Dans la continuité des analyses pionnières de Robert Putnam, un récent article de The Atlantic décrit une tendance chez les parents à renoncer à l’entretien des liens d’amitié au profit de l’éducation de leurs enfants. « D’une certaine façon, les parents d’aujourd’hui semblent nourrir l’espoir que leurs enfants leur fourniront le sens et le soutien que les générations qui les ont précédés recevaient de leurs amis adultes, de leurs loisirs et de leur participation à des activités associatives ». Plus près de chez nous, la sociologue Claire Bidart remarque que nos réseaux tournent en rond et en boucle depuis la crise sanitaire et l’obligation de réduire ses contacts avec l’extérieur : « il n’y a pas de nouvelles rencontres », « les liens plus légers, plus fluides […] ne sont pas recréés puisqu’il n’y a plus de contextes concrets. On risque de s’enfermer dans des petits cercles homogènes », pronostiquait la directrice de recherche au CNRS entre deux confinements.

Le brassage et la mixité sont ainsi à l’arrêt depuis un an. Les mots totem que nous employons sont les marqueurs de ces préoccupations croissantes : bulle, refuge, repli, oasis, entre-soi, séparatisme, sécession, archipel ou encore safe space. Dans un essai inventif, le journaliste Vincent Cocquebert ausculte les conséquences politiques et sociales de ce cocooning généralisé (lire notre interview de l’auteur dans cette édition). À force d’évoluer dans « un lounge idéologique », écrit-il, dans lequel les aspérités du monde social peuvent être gommées, et forts de la micro-sécession qu’a représenté l’expérience du confinement, nous risquons de ne pas souhaiter reprendre la conversation là où nous l’avions interrompue avant la survenue de l’épidémie : « la déchirure du tissu social pourrait ne jamais être réparée », écrit-il. En France, la nouveauté tient dans le fait que les élites éducatives elles-mêmes sont tentées par la fuite (une échappée belle qui se manifeste par l’envie de reconversion professionnelle ou de relocalisation à la campagne), alors même que ses membres représentaient la classe des intermédiaires et médiateurs sociaux par excellence.
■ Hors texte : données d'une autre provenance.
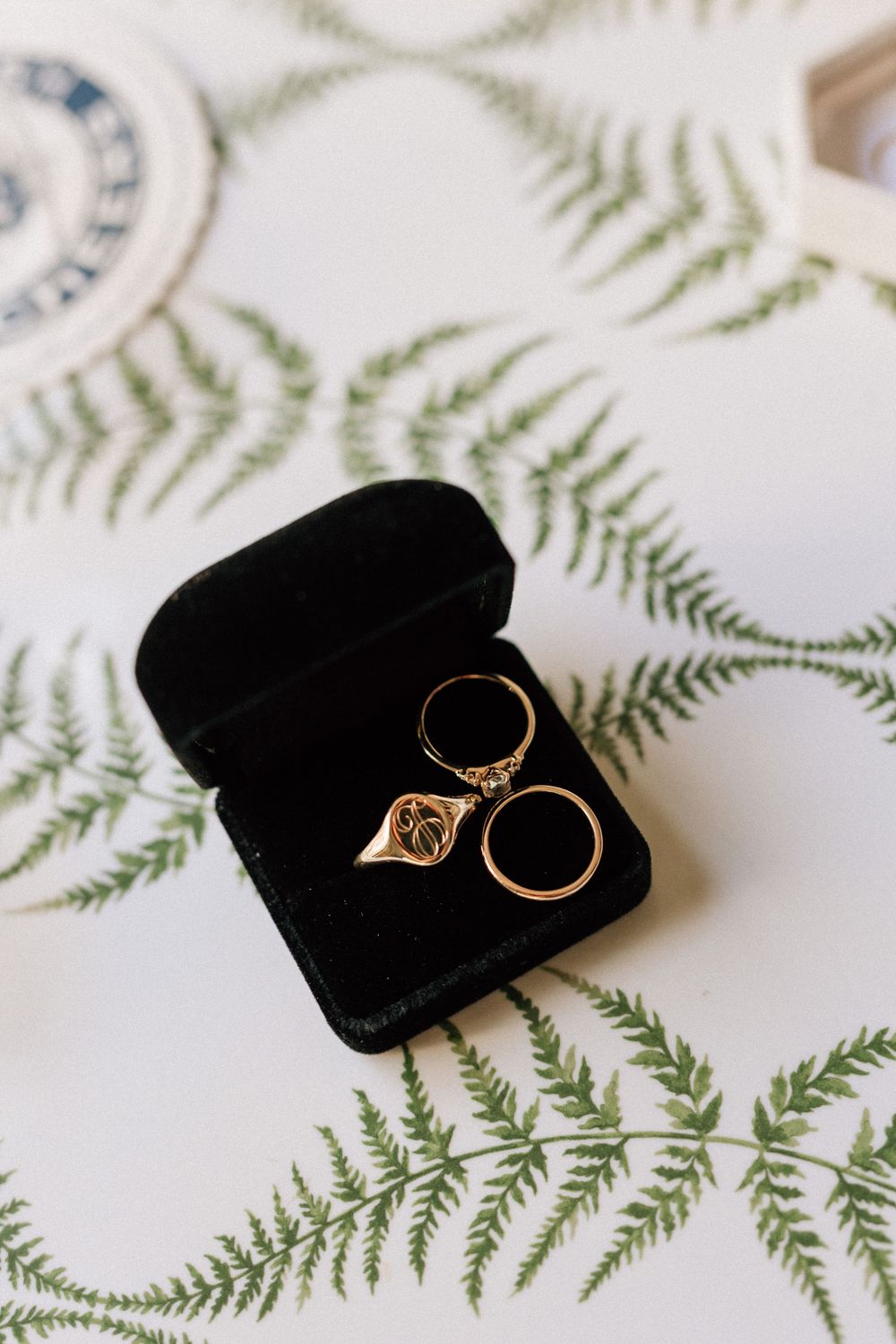 Macro photography of wedding rings in a black velvet box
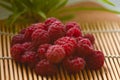 Raspberry berries close-up. A bunch of berries lying on a bamboo substrate. Royalty Free Stock Photo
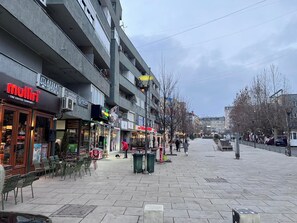Eine Straße mit Geschäften, darunter ein Kaffeehaus und ein Bekleidungsgeschäft.
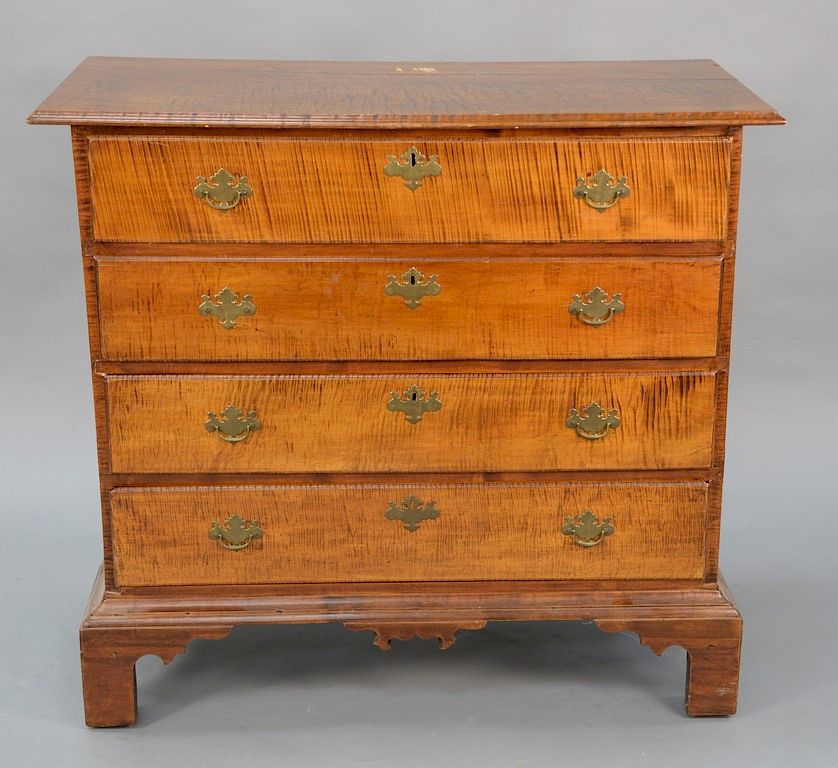 Appraisal: Tiger maple four drawer chest on bracket feet height in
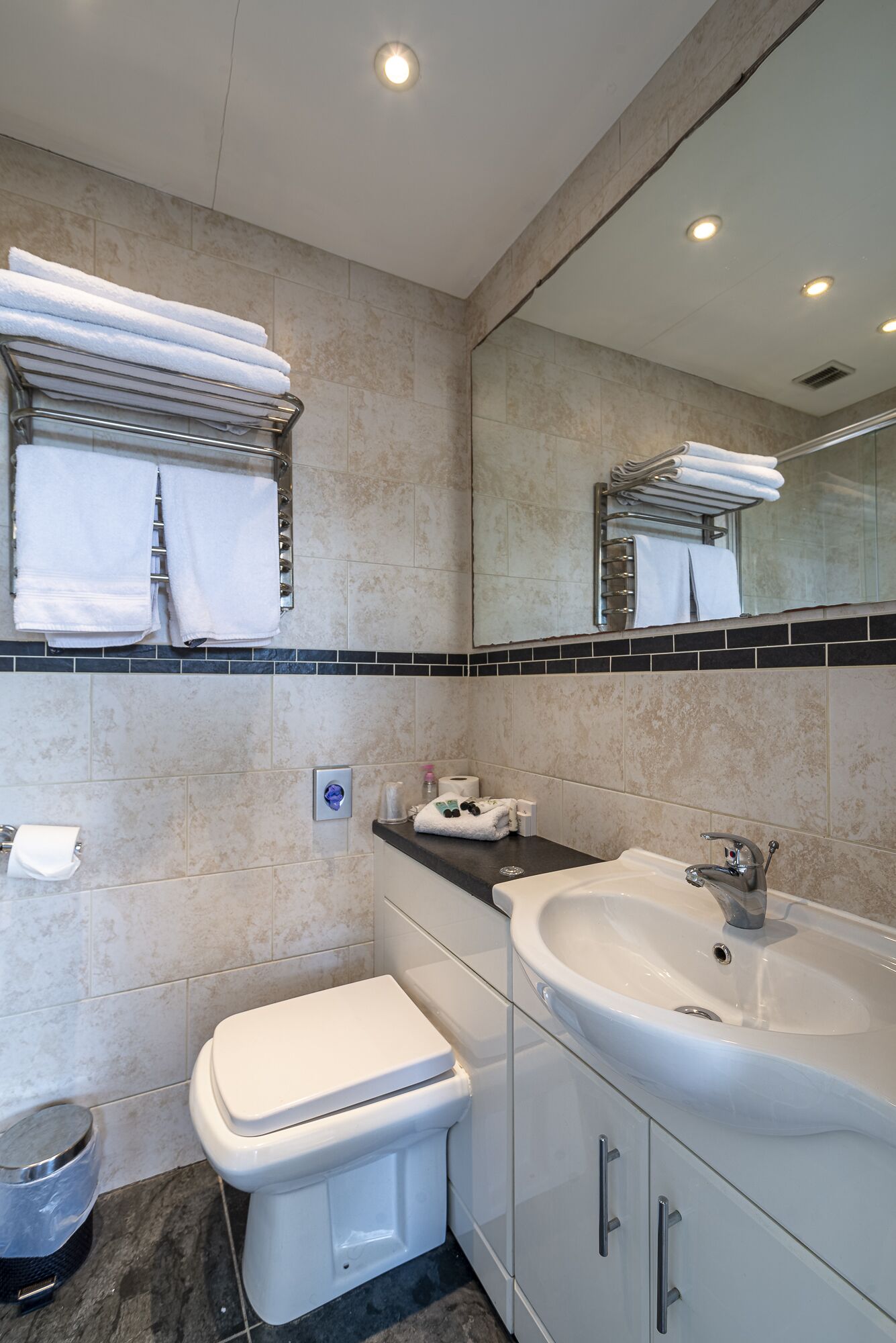 A modern bathroom with a toilet, sink, and towel rack.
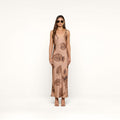 A woman wearing sunglasses and a long, sleeveless tan Akiya Satin Maxi Dress with a brown palm leaf print stands facing forward against a plain white background.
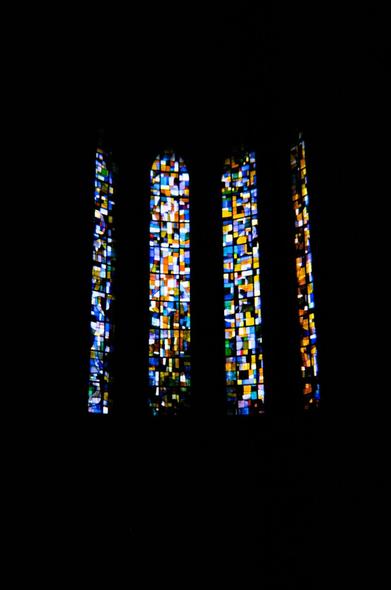 A contrasted shoot of a stained glass window in the dark from the inside of a church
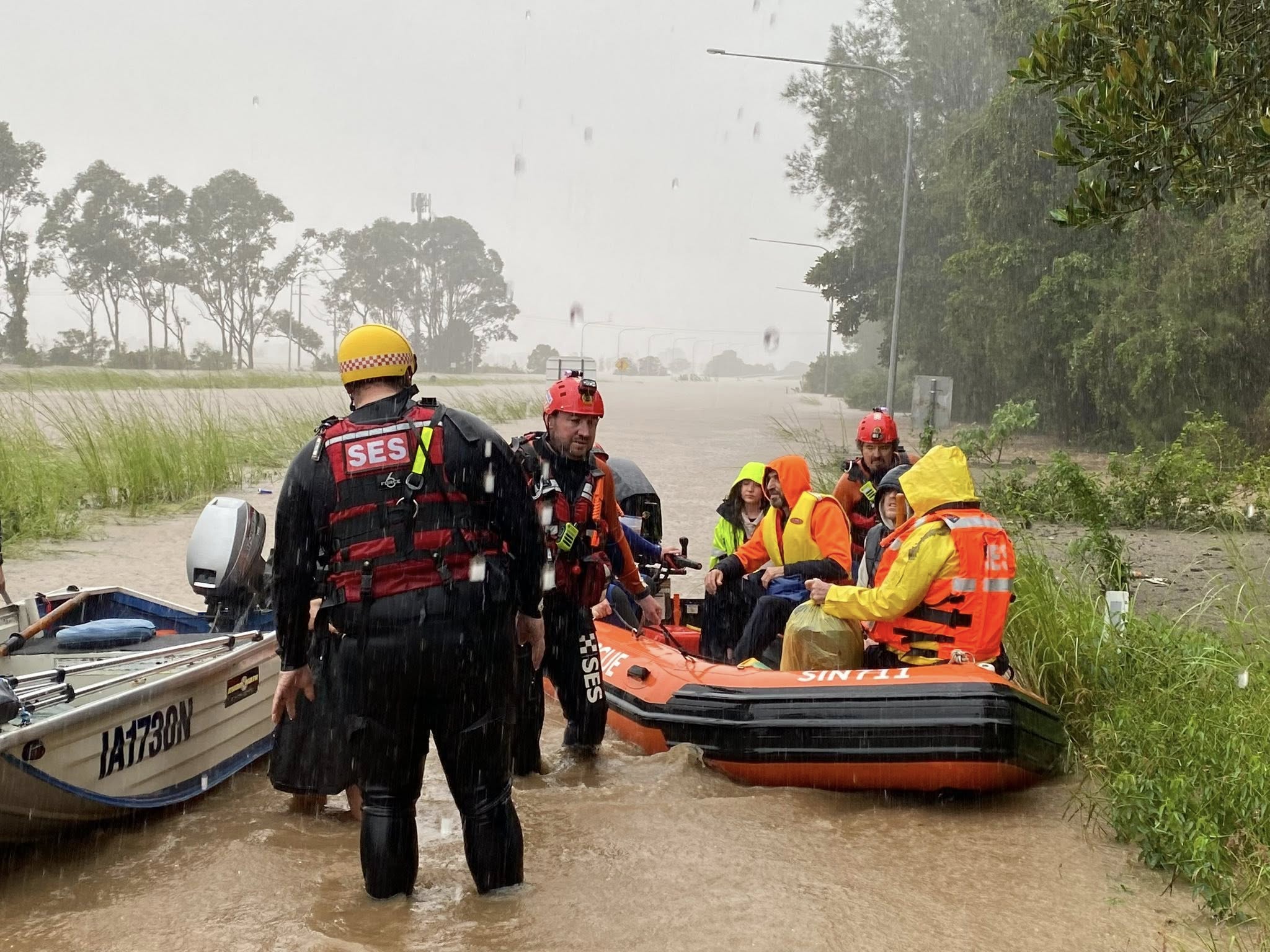 Two men in wetsuits are in knee deep brown water pushing two inflatable boats with people in them.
Des économistes de l’Observatoire du Bien-être ont su utiliser les travaux de Robert Putnam pour développer le concept de solitude sociale, marquant son influence sur le plan de la qualité de vie en général tout en soulignant ses effets dans le domaine politique, avec un lien établi entre le sentiment de défiance interpersonnelle et le vote d’extrême droite.

Putnam attribuait une part de la crise du lien à la tendance des Américains à déménager fréquemment et à s’établir dans les banlieues résidentielles. Il isolait également un facteur technologique, à l’époque la télévision câblée et la cassette VHS, qui avaient eu pour conséquence de domicilier et de privatiser les moments de loisir. En 2021, les bulles algorithmiques jouent ce rôle de causalité diabolique. Que cette explication tienne globalement la route ou qu’elle masque un mal plus profond qui lui préexistait importe finalement moins que l’issue d’une telle polarisation : les bulles, qu’elles soient économiques, sociales ou numériques, finissent toujours par éclater.